[Crawled caption data]
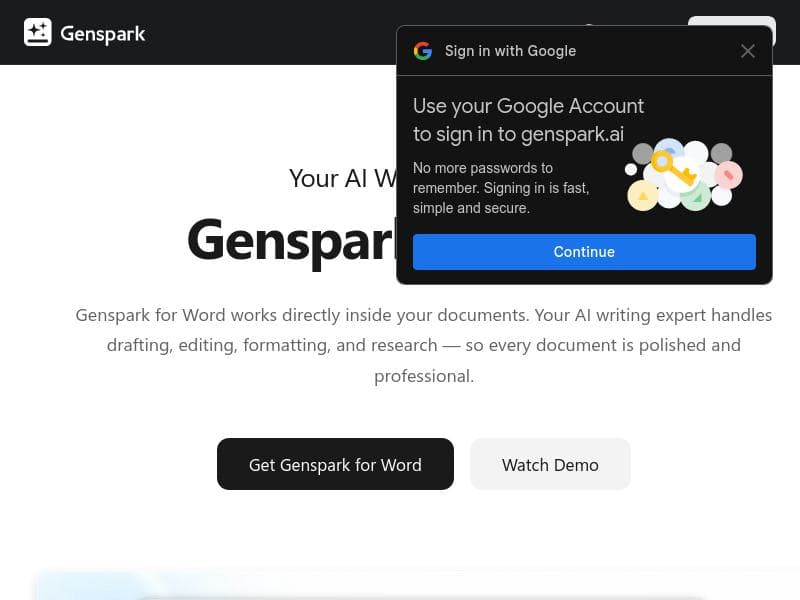 Genspark for Word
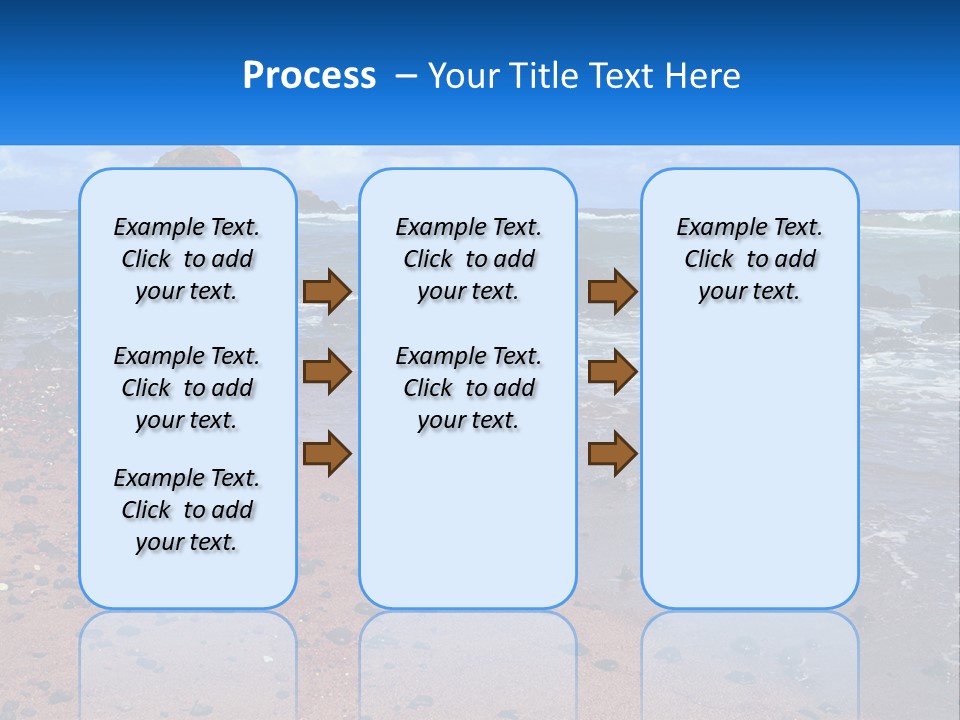 Daughter Parent Standing PowerPoint Template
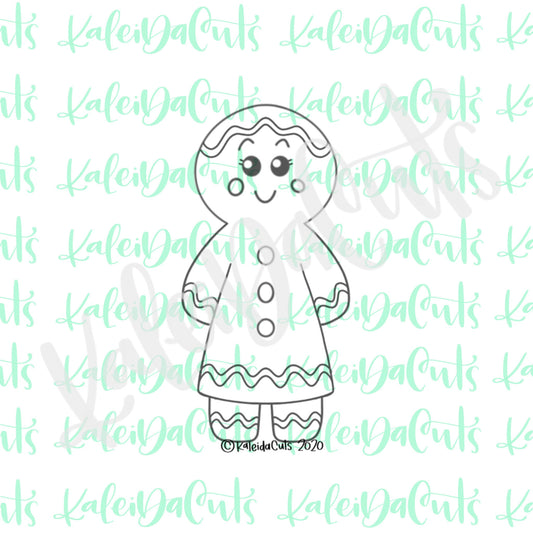 Tall Gingerwoman Cookie Cutter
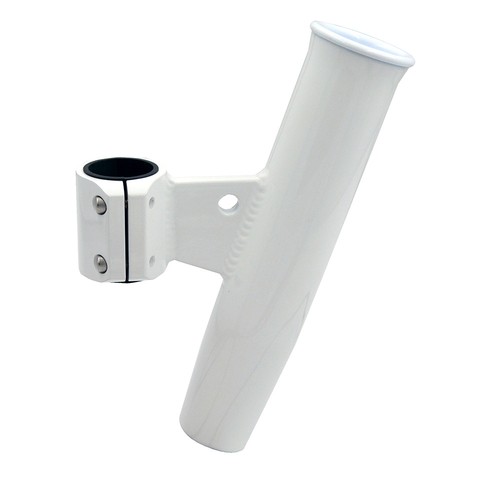 C.E. Smith Aluminum Vertical Clamp-On Rod Holder 1-2/3" OD White Powdercoat w/Sl - Picture 1 of 1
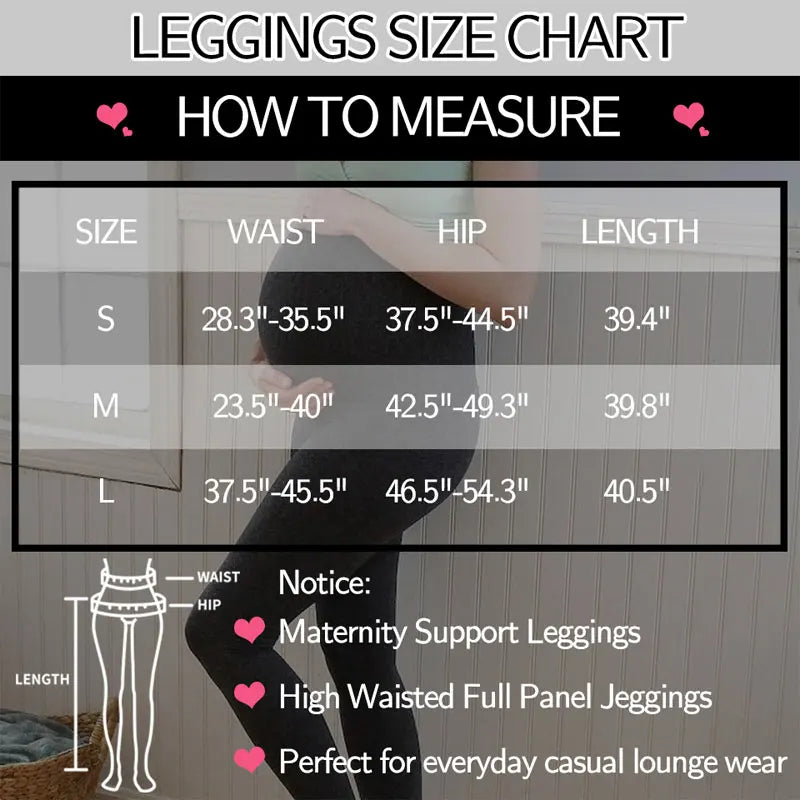 Legging de Grossesse Taille Haute – Confort Absolu & Maintien Parfait
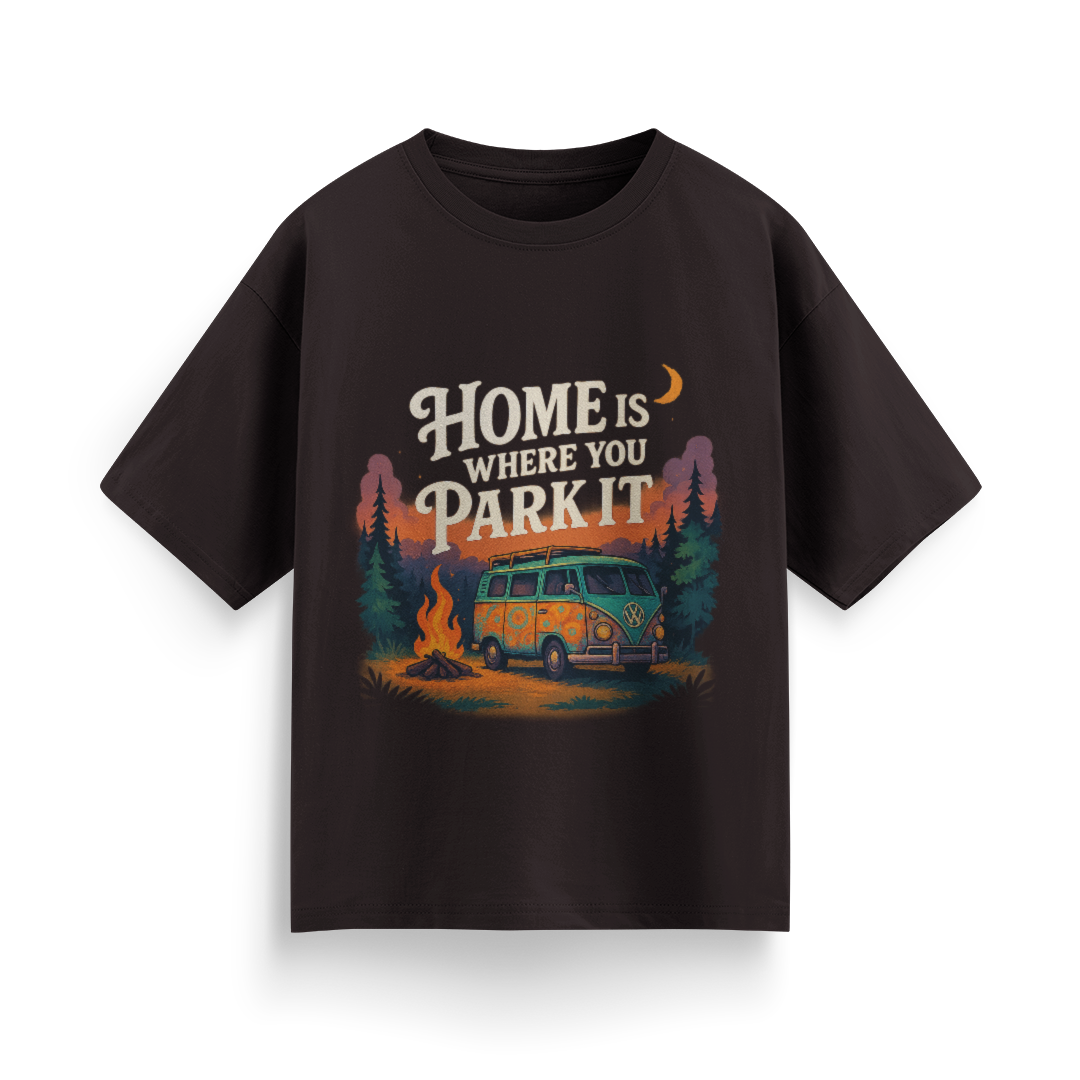 Home is Where You Park It Unisex Oversized T-Shirt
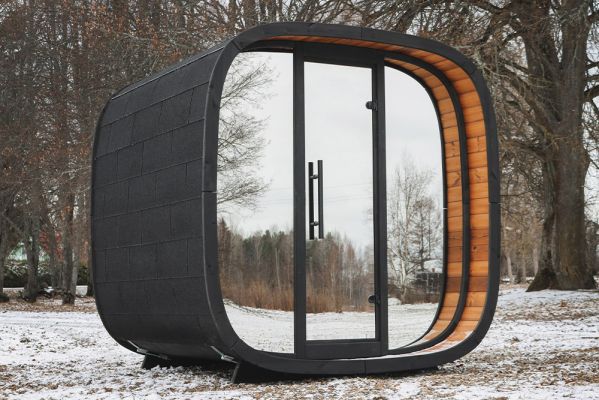Progetti realizzati 0 - Sauna finlandese da esterno ROUND CUBE MINI 4 posti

Your instructions => Word for word, restate the lines from the line with "Tall Gingerwoman Cookie Cutter" through the last line of the entries, and nothing beyond them. Omit pictures.

Problem solution =>
 Tall Gingerwoman Cookie Cutter
 C.E. Smith Aluminum Vertical Clamp-On Rod Holder 1-2/3" OD White Powdercoat w/Sl - Picture 1 of 1
 Legging de Grossesse Taille Haute – Confort Absolu & Maintien Parfait
 Home is Where You Park It Unisex Oversized T-Shirt
Progetti realizzati 0 - Sauna finlandese da esterno ROUND CUBE MINI 4 posti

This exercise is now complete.